A Fiume, les fascistes et les nationalistes en armes ont obligé le gouverneur, M. Zanella, à abandonner le pouvoir et à s’enfuir ; on l’accusait de vouloir aliéner les revenus du port et des chemins de fer à des étrangers ; le Gouvernement italien est obligé d’envoyer des troupes pour maintenir l’ordre. De tels incidents sont dangereux parce qu’ils perpétuent la mésintelligence entre Italiens et Yougoslaves. L’opinion italienne, si résolument pacifique, commence à trouver que vraiment les gens de Fiume abusent.

Le maréchal Allenby a emporté de Londres et publié aussitôt après son retour au Caire une proclamation par laquelle l’Angleterre renonce à son protectorat sur l’Egypte, proclamé le 17 décembre 1914. C’est un acte politique de haute portée, dont les conséquences seront considérables et nous intéressent à plus d’un point de vue. Depuis le rapport de lord Milner, les Anglais clairvoyants étaient convaincus qu’il faudrait en venir à une telle solution, si pénible qu’elle pût paraître à leur amour-propre national.
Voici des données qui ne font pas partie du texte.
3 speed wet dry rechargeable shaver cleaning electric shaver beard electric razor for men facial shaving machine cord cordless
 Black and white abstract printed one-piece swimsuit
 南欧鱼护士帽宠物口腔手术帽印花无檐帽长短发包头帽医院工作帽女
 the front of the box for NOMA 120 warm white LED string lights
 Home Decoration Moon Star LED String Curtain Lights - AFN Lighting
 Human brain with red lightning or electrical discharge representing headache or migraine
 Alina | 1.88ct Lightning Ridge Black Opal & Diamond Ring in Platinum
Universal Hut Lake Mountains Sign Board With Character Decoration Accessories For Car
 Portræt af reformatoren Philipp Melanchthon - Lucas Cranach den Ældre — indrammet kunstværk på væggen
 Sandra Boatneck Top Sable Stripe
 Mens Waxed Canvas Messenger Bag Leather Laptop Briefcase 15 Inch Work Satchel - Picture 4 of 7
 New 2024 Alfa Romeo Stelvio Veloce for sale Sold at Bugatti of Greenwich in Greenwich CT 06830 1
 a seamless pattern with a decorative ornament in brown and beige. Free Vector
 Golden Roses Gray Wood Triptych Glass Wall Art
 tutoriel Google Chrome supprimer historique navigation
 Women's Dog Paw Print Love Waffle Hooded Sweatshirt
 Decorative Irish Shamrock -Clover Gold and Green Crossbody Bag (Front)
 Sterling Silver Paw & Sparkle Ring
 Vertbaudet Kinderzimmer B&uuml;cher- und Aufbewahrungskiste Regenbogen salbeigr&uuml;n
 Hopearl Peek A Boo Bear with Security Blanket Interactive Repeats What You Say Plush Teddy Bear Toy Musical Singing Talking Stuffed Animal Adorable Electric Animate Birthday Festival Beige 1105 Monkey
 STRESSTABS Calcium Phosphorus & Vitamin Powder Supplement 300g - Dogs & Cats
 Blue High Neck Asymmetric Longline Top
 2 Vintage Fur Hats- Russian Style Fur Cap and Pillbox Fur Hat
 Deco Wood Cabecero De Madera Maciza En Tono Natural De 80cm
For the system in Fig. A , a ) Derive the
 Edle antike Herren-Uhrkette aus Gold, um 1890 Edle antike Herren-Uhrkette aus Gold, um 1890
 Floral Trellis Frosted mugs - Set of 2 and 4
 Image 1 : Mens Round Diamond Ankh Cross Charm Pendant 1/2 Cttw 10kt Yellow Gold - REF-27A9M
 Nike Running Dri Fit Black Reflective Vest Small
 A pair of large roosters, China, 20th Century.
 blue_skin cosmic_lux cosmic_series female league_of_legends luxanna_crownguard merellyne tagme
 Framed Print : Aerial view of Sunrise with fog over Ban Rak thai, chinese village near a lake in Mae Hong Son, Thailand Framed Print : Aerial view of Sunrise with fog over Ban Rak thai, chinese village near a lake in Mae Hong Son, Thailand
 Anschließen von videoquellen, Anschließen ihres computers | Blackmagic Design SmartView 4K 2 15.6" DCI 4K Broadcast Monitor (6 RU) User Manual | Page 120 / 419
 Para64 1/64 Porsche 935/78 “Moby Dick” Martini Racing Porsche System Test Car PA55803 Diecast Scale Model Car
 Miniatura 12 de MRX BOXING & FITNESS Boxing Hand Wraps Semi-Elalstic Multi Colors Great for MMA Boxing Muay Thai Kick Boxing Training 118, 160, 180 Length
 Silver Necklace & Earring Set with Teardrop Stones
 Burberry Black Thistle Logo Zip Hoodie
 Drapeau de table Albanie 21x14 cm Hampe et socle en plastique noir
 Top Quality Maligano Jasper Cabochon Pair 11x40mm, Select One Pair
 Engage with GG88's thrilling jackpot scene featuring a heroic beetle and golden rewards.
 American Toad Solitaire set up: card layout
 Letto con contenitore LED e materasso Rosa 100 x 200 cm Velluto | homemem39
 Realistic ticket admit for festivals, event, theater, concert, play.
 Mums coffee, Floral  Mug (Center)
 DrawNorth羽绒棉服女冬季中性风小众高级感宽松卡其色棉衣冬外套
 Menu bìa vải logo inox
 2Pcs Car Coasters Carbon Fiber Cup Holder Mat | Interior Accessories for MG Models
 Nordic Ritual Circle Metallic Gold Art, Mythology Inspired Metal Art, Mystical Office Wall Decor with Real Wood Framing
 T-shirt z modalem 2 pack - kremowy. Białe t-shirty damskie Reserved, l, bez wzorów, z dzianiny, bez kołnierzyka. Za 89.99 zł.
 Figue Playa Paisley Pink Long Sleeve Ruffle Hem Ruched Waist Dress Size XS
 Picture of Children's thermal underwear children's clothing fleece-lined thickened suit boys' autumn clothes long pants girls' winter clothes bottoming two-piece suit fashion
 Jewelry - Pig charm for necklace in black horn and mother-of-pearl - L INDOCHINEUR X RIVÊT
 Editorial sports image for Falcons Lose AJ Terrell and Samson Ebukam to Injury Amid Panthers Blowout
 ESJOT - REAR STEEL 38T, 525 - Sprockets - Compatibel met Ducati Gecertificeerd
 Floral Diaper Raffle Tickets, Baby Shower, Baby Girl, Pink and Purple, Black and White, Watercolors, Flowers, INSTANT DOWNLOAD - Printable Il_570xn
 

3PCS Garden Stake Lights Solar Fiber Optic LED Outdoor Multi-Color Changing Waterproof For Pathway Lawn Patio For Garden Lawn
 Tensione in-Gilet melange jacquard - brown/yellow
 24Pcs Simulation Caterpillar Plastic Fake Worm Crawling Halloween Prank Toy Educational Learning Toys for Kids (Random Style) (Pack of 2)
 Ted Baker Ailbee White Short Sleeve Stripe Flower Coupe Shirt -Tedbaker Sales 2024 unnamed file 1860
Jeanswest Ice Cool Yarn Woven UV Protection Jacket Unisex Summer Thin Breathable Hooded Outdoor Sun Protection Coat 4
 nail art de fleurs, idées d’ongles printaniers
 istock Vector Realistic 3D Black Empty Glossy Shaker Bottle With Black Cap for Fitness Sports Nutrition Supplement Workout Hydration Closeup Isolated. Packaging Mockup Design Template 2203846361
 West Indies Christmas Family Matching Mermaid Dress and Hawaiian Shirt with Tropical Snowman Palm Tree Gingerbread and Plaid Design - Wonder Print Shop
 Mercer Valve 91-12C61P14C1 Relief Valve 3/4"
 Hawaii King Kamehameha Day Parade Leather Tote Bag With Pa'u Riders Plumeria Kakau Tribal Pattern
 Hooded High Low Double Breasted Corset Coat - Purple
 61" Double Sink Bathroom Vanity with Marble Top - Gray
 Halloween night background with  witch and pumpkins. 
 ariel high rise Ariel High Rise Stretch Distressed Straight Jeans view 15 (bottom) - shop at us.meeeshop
Les négociations avec Adly pacha n’ayant pu aboutir, M. Lloyd George prit brusquement la décision d’en finir et accorda à l’Egypte l’indépendance par un acte unilatéral, par une décision souveraine du Gouvernement britannique, mais à certaines conditions : sécurité des communications impériales, ce qui implique la surveillance du canal de Suez, du Nil, des chemins de fer et routes conduisant au Soudan ; défense de l’Égypte contre toute agression ou ingérence du dehors, soit directe, soit indirecte ; protection des intérêts étrangers et des minorités étrangères ; séparation du Soudan d’avec l’Egypte, le statut du Soudan n’étant pas modifié. Un Cabinet égyptien a été constitué sous la présidence de Sarwat pacha et est entré en négociations avec le Gouvernement de Londres pour la réalisation de l’indépendance et l’observation des quatre points qui en sont la condition absolue. Jusque-là, le statu quo sera maintenu et, en attendant, Zagloul pacha, le chef populaire du parti nationaliste, vogue, sur un destroyer britannique, vers les îles Seychelles où le Gouvernement anglais le déporte. L’Egypte jouira de tous les droits d’un État souverain, aura son Parlement et sa représentation diplomatique à l’étranger.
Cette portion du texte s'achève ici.